Hacker News new | ask | show | jobs
by mholt 1610 days ago
Caddy does. https://community.letsencrypt.org/t/questions-about-renewing...

And this is one reason why I keep advocating for certificate automation to be built into services/apps, rather than patched on the outside with duck tape.

I look forward to the day when cert lifetimes are regularly about as short as OCSP responses. Then we can possibly do away with OCSP entirely.*

(* I am of the opinion that revocation is fundamentally broken for Web PKI and it should be phased out in favor of short cert lifetimes. You may disagree and that's fine, but I'm happy to discuss why if you're interested.)

4 comments

RE: revocation broken

Absolutely. Especially with the advent of protocols like ACME it just makes sense.

Here's a nice blogpost from smallstep (not affiliated) on this topic: https://smallstep.com/blog/passive-revocation/

Certificate expiries are set primarily due to financial interests that have nothing to do with security.

Why do you think the maximum lifetime was reduced from two years to one?

Does it make a lick of difference if you’re man-in-the-middled for just one year instead of two? What kind of argument is that!?

“Oh, they got every active user credential and form that was submitted ages ago, but no worries! This won’t go on for another year! Just months to go now…”

No, obviously the CA cartel just wanted to extract 2x the rent.

The whole thing is just absurd on its face and needs to stop, but there are billions of dollars worth of rent seekers that say…

“No.”

Certificates have always been sold and priced per year. I highly doubt lifetime changes benefitted certificate authorities, and I’m pretty sure they had it forced upon them by browsers. If anything, it prevents them from collecting 2-3 years of revenue upfront.
The reduction to 27 months was voted through CA/B (where either CAs or Browsers can effectively veto, like the way Northern Ireland is governed) but only after Ryan suggested Google might just unilaterally impose 90 days if the CAs rejected a reduction.

The reduction to 398 days was imposed by Apple, unilaterally, although in practice the ecosystem went along with it. It actually took a few weeks to get clarity on exactly what Apple intended, they just basically blurted it out at a meeting.

"although in practice the ecosystem went along with it" - not that there was much choice, but some CAs were less surprised and grumbled less than others...
You might want to double-check that. The CAs (all but two, basically) disagreed with the lifetime reduction and actively voted and argued against it.
That’s because the 1 year certs are too short to be a meaningful difference from LE, so they lose their selling point. So being against the shorter expiration date is just a nefarious plot to make more money, just like supporting it would be. They are so nefarious, they’re nefarious either way! It’s a Certs-22.
Better to be man-in-the-middled for:

- One year instead of two? Yep

- 3 months instead of 1 year? Yep.

- 1 week instead of 3 months? Yep.

The reason certificates have traditionally been so long is because it was a manual process. Using ACME it is possible to expire certificates every hour if you wanted to do that.

In the past, revocation was supposed to help cases where the owner of the certificate exposed the private key in one way or another.

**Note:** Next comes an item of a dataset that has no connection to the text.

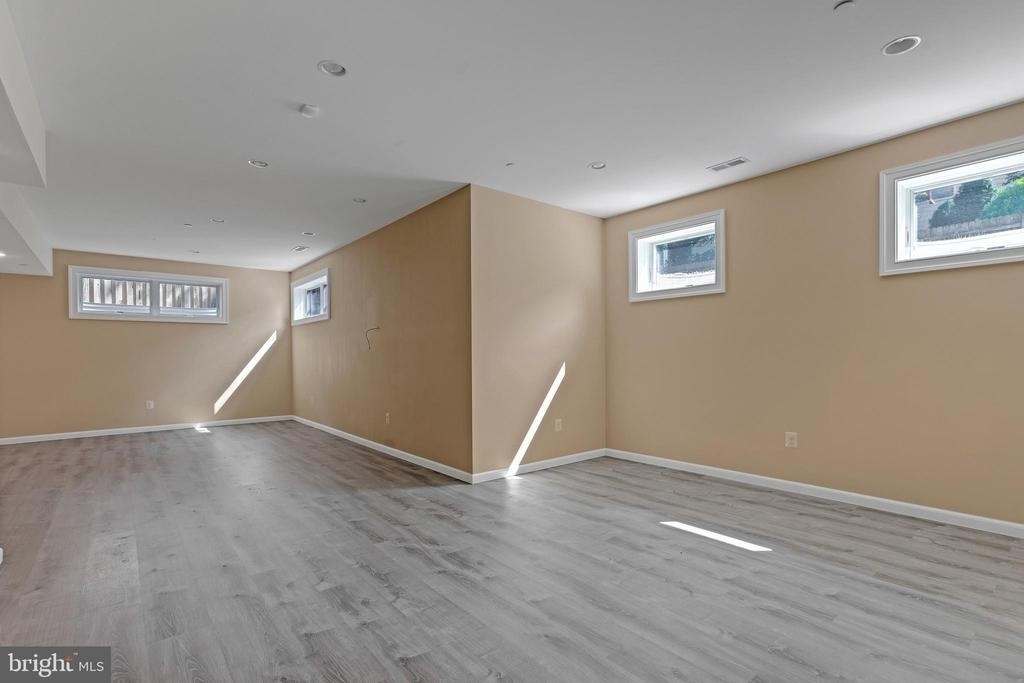 7607 Newmarket Drive - Photo 21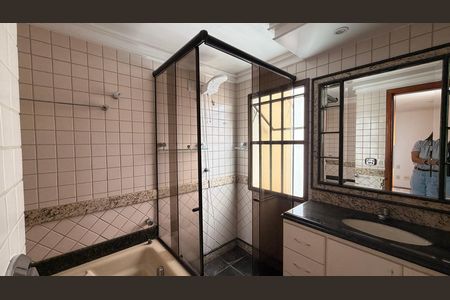 Apartamento para alugar com 302m², 4 quartos e 3 vagasBanheiro da Suíte 4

Now it seems that revocation is supposed to help the CA covering up mistakes made by the CA.

Maybe we actually need a better CA.

The Baseline Requirements require revocation of misissued certificates, this isn't "a CA covering up mistakes."
> Maybe we actually need a better CA.

Go for it. Start one and tell us how it went.

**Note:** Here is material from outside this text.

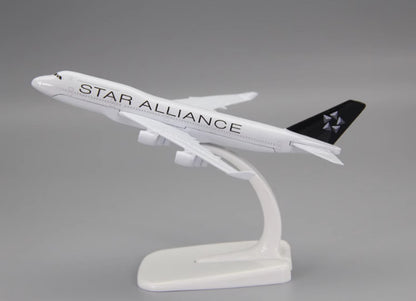 16cm Star Alliance Boeing 747-400 Passenger Aeroplane Diecast Aircraft Model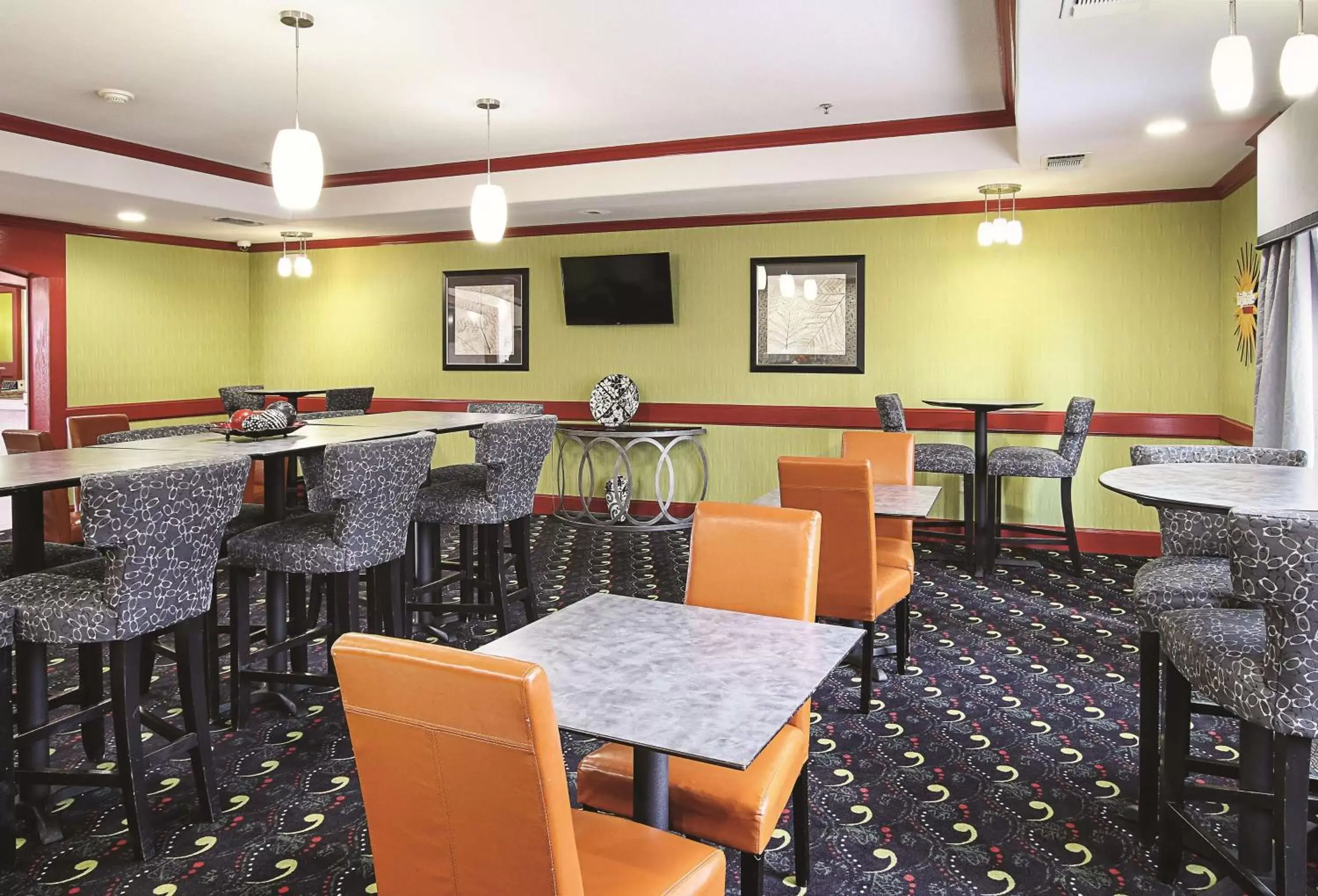 Restaurant/Places to Eat in La Quinta Inn & Suites by Wyndham South Dallas - Hutchins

If ever I have too much free time, I'll spend it modifying firefox to support DANE.
I simply think your previous argument is disingenuous. We have a free to use CA who's code can be vetted, such mistakes can be caught, potential problems can be averted. If this is the price to pay, okay, so be it. Imagine what must fly under the radar of other CAs who do not have thousands of eyes vetting their code base - as in, those would never be visible.

So okay, maybe you don't have certs revoked and you don't need to restart your Traefik but are you really sure everything is okay?

The way LE and others keep breaking this process and the tools around it is certainly not a great endorsement for having it integrated into a service.
Can you give some example of the kind of breakage your experienced?
Not OP, but here are some things I've personally experienced:

1. Supposedly more secure challenge types such as TLS-ALPN-01 are far from stable, as the current incident shows. Your cert can be revoked at any time through no fault of your own. After being burned by TLS-SNI-01 the last time, now I refuse to use anything other than plain old HTTP-01 and DNS-01.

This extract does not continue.